Personal information
- National team: Italy
- Born: 25 July 1996 (age 29) Pistoia, Italy

Sport
- Sport: Swimming
- Strokes: Long-distance swimming

Medal record
Women's swimming
Representing Italy
World Championships
| Silver medal – second place | 2017 Budapest | Team event |
| Silver medal – second place | 2019 Gwangju | Team event |
| Silver medal – second place | 2024 Doha | Team event |
| Bronze medal – third place | 2022 Budapest | 5 km open water |
| Bronze medal – third place | 2022 Budapest | Team event |
European Championships
| Gold medal – first place | 2020 Budapest | Team relay |
| Silver medal – second place | 2018 Glasgow | 10 km open water |
| Silver medal – second place | 2020 Budapest | 5 km open water |
| Silver medal – second place | 2024 Belgrade | Team relay |
| Silver medal – second place | 2025 Stari Grad | Team Relay |
| Bronze medal – third place | 2022 Rome | 5 km open water |
| Bronze medal – third place | 2024 Belgrade | 10 km open water |
Summer Universiade
| Silver medal – second place | 2017 Taipei | 10 km open water |

= Giulia Gabbrielleschi =

Italian swimmer (born 1996)

Giulia Gabbrielleschi (born 24 July 1996) is an Italian open water swimmer.
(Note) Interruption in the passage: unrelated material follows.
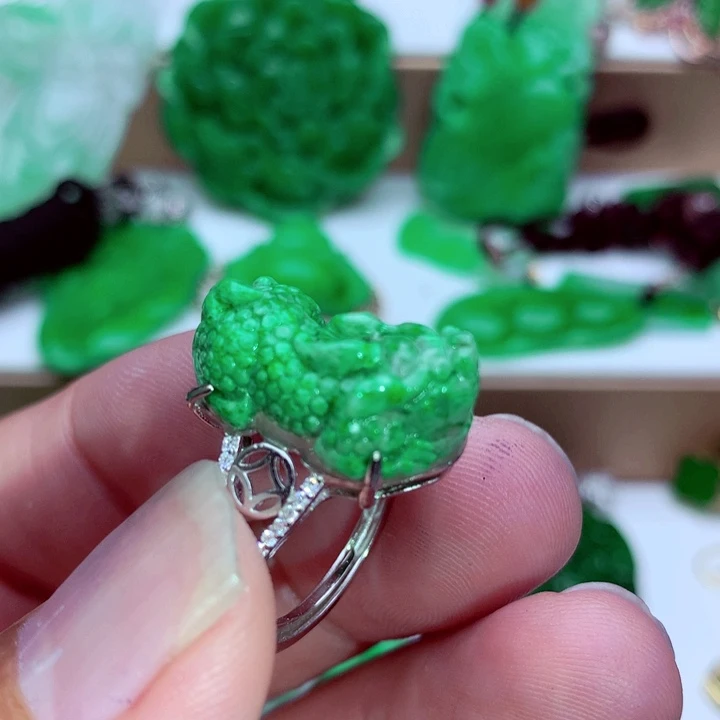 翡翠未镶嵌吊坠(不含链)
She is a two-time individual silver medallist at the European Aquatics Championships, having placed second in the 10 km event in 2018 and second in the 5 km event in the 2020 championships, held in 2021.

==Career==
Gabbrielleschi is an athlete of the Gruppo Sportivo Fiamme Oro.

Gabbrielleschi won a silver medal at the 2017 Summer Universiade, finishing behind Anna Olasz in the 10 km open water event.
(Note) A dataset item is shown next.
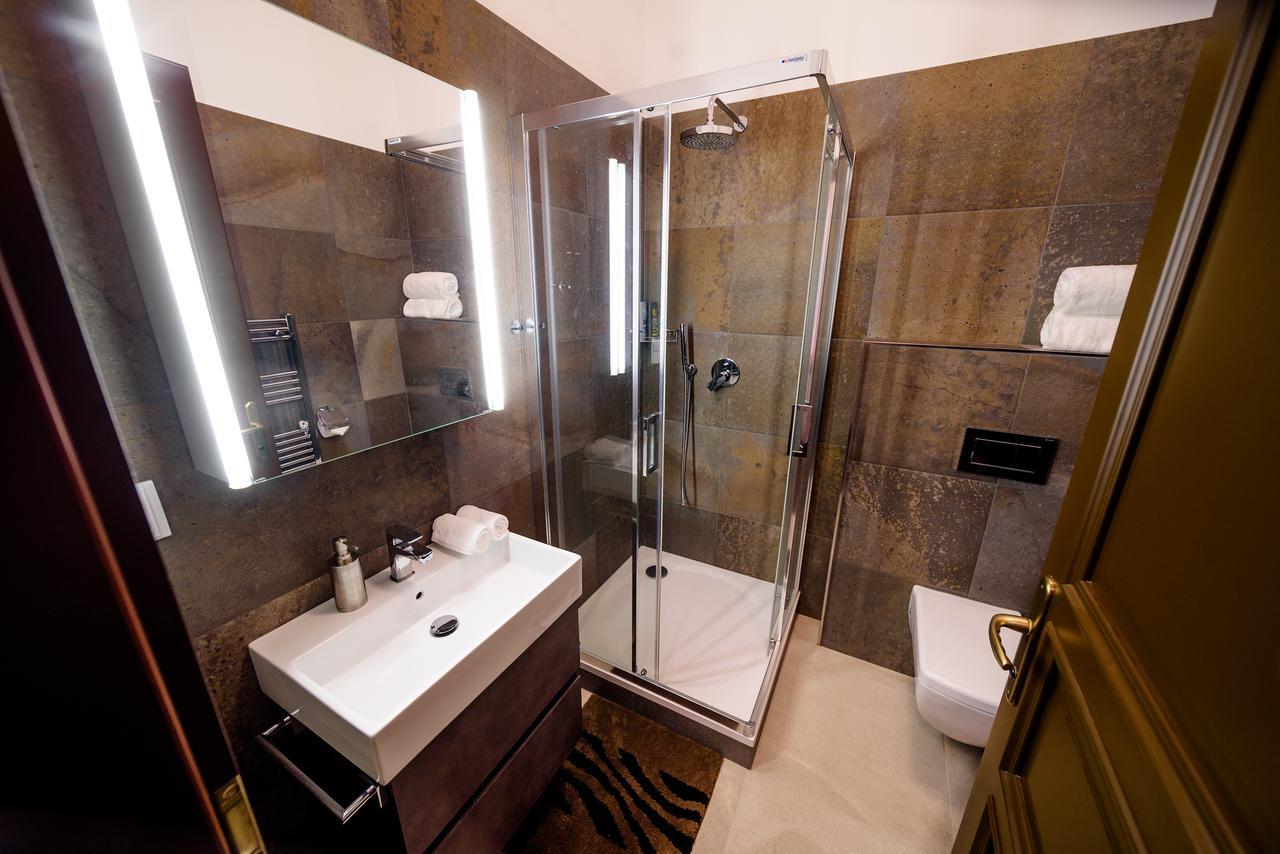 Fifty Shades Of Gray Studio, City Center Hradec Kralove Luaran gambar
Gabbrielleschi won a silver medal at the 2018 European Aquatics Championships, finishing seven seconds behind winner Sharon van Rouwendaal of the Netherlands in the 10 km open water competition.

In 2019, she represented Italy at the 2019 World Aquatics Championships held in Gwangju, South Korea. She competed in the women's 800 metre freestyle and women's 1500 metre freestyle events. In both events she did not advance to the final. Two years later, at the 2020 European Aquatics Championships held in 2021 due to the COVID-19 pandemic, she won the silver medal in the 5 kilometre open water swim with a time of 58 minutes and 49.3 seconds, which was less than five seconds slower than gold medalist Sharon van Rouwendaal.
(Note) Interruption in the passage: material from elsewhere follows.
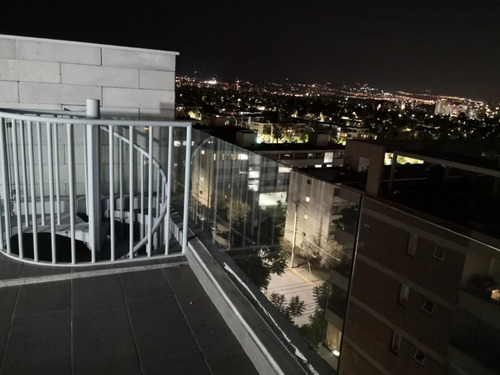 Leonardo Da Vinci 7000, Las Condes, Chile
At the 2022 World Aquatics Championships, in Budapest, Hungary, Gabbrielleschi won a bronze medal as part of the 6 kilometre team event. She also won a bronze medal in the 5 kilometre open water swim with a time of 57 minutes and 54.9 seconds, finishing only behind Ana Marcela Cunha of Brazil and Aurélie Muller of France. Two months later, at the 2022 European Aquatics Championships in Rome, she won the bronze medal in the 5 kilometre open water swim with a time of 57:00.3, finishing 1.6 seconds behind gold medalist Sharon van Rouwendaal and 0.1 seconds behind silver medalist María de Valdés of Spain.